By that standard, the conference was a failure: the only “new idea” to emerge from Montreal was a proposal to freeze corporate tax rates. But perhaps that wasn’t the point. Perhaps the point of the conference was rather to educate Liberals in some unpleasant realities: fiscal, social, political. The point, it seemed to me, was to tell them this wasn’t Kingston. The country’s problems are much different than those it faced in 1960, and so are the solutions.
Which is to say: the Liberal party itself is in a vastly different place than it was then. In 1960, the intellectual winds were blowing the party’s way. The solutions it proposed—public health care, public pensions, a vast expansion of the welfare state—were on the leading edge of contemporary thinking. By 1991, they were playing catch-up, grudgingly accepting the wisdom of free trade and balanced budgets. But against an exhausted Conservative government, it proved enough.
Today the situation is far more dire. In 1960 or 1991, it was still possible for Liberals to hope that, with a turn in the political tides, they could be carried back to power in relatively short order. In 2010, that is a harder case to make. Much is made of the failings of their current leader, Michael Ignatieff, as much was made of the failings of the last, and of the one before that. But the truth is that the Natural Governing Party is in the grip of a historic political realignment, which it is all but powerless to resist.

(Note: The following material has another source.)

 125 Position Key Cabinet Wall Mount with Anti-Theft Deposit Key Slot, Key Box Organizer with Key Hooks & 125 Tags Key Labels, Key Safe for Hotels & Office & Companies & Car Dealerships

The only surprise is that we did not see it coming long ago. As recently as 2003, it was still common to refer to the Liberal party as an unstoppable political dynasty, and to Canada as a system almost of one-party rule. Yet that impressive imperial facade concealed deep fissures. The Liberal empire was cracking up, and had been for more than 50 years.

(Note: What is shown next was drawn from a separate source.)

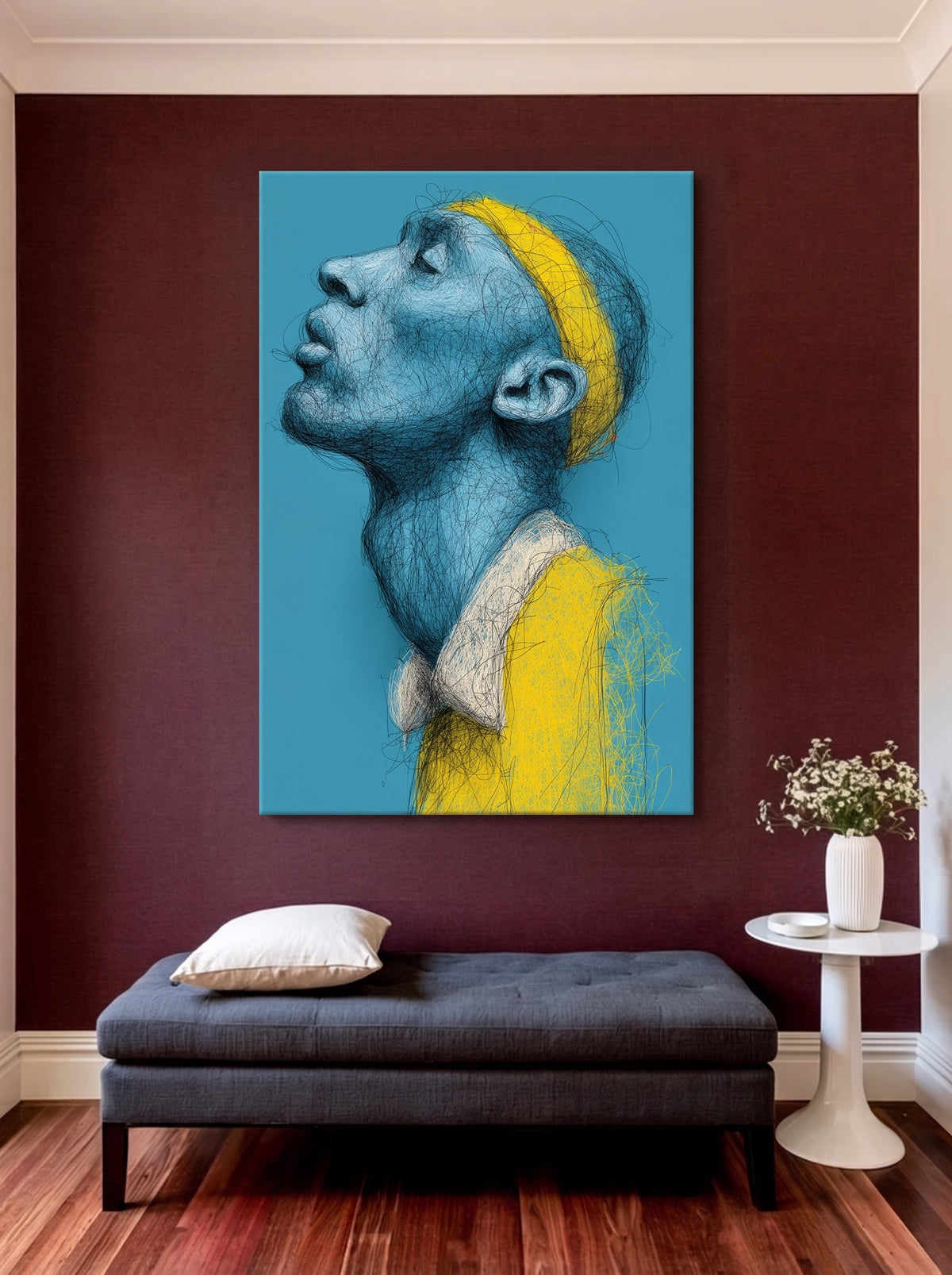 Blue Scribble Portrait 428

Go back to 1949. In that year’s election, the first under Louis St. Laurent, the Liberals took 191 of 262 seats to win their fourth straight majority. More impressively, they won a majority of the seats in every region: Ontario, Quebec, the West, and Atlantic Canada. Today they control only the last.
The West was the first to go. The Liberals’ western caucus was cut to single digits in 1957, then obliterated in the Diefenbaker sweep the following year, a calamity from which it has never recovered: 1949 was in fact the last time the Liberals carried the West. In most elections since they have struggled to win a dozen seats.

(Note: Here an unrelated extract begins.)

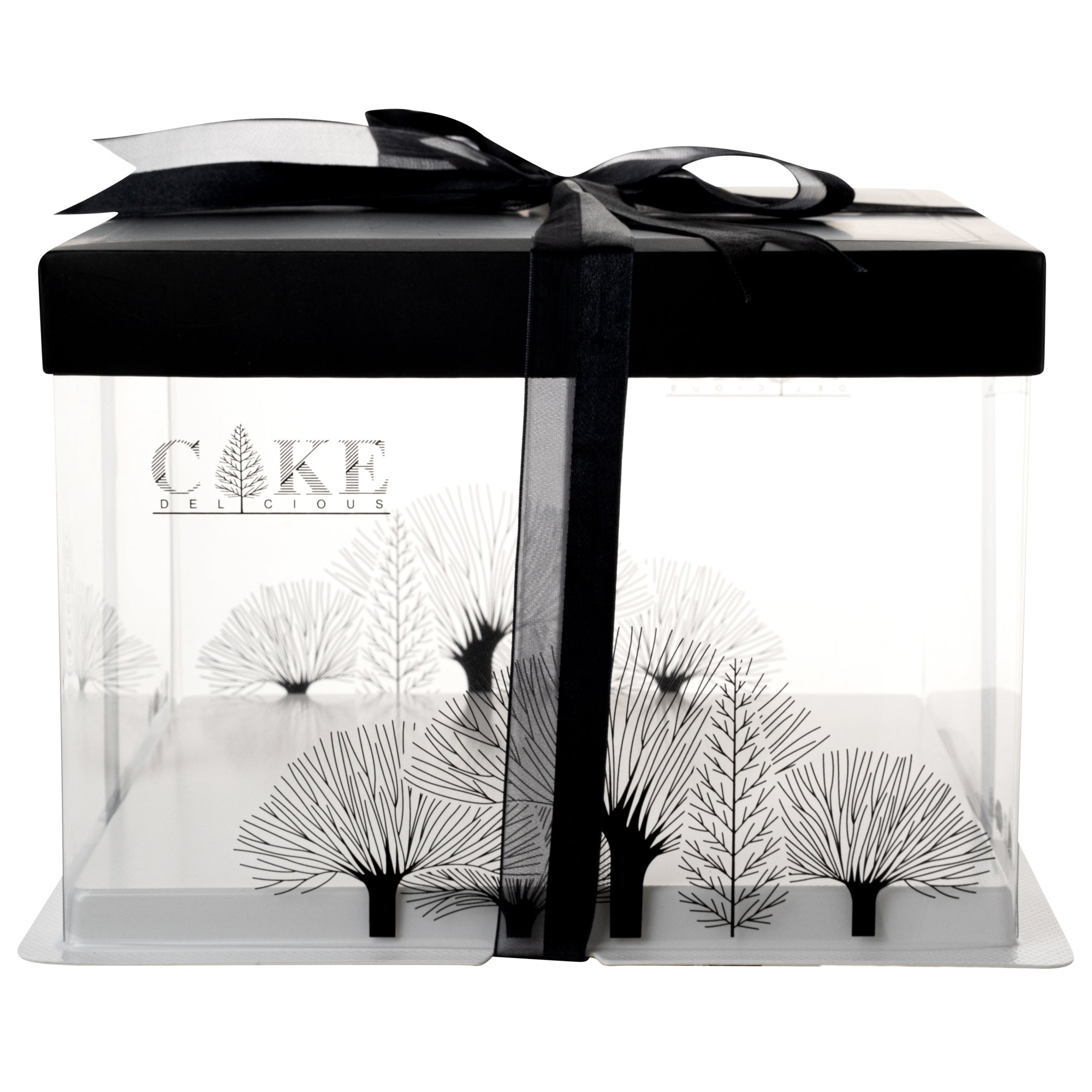 Sweet Vision Square Clear Plastic Cake Box - Black Lid and White Base, Black Ribbon, Tree Accent - 8 1/2" x 8 1/2" x 6 3/4" - 10 count box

But that was not so much of a problem for the party, so long as it maintained its historic lock on Quebec. The Liberals won six of seven elections from 1963 through 1980, yet only once (1968) carried the rest of Canada. The difference was Quebec: under Pierre Trudeau, the Liberals routinely racked up more than two-thirds of the seats in the province. But the Mulroney sweep of 1984 ended that, and the party has never really recovered there, either.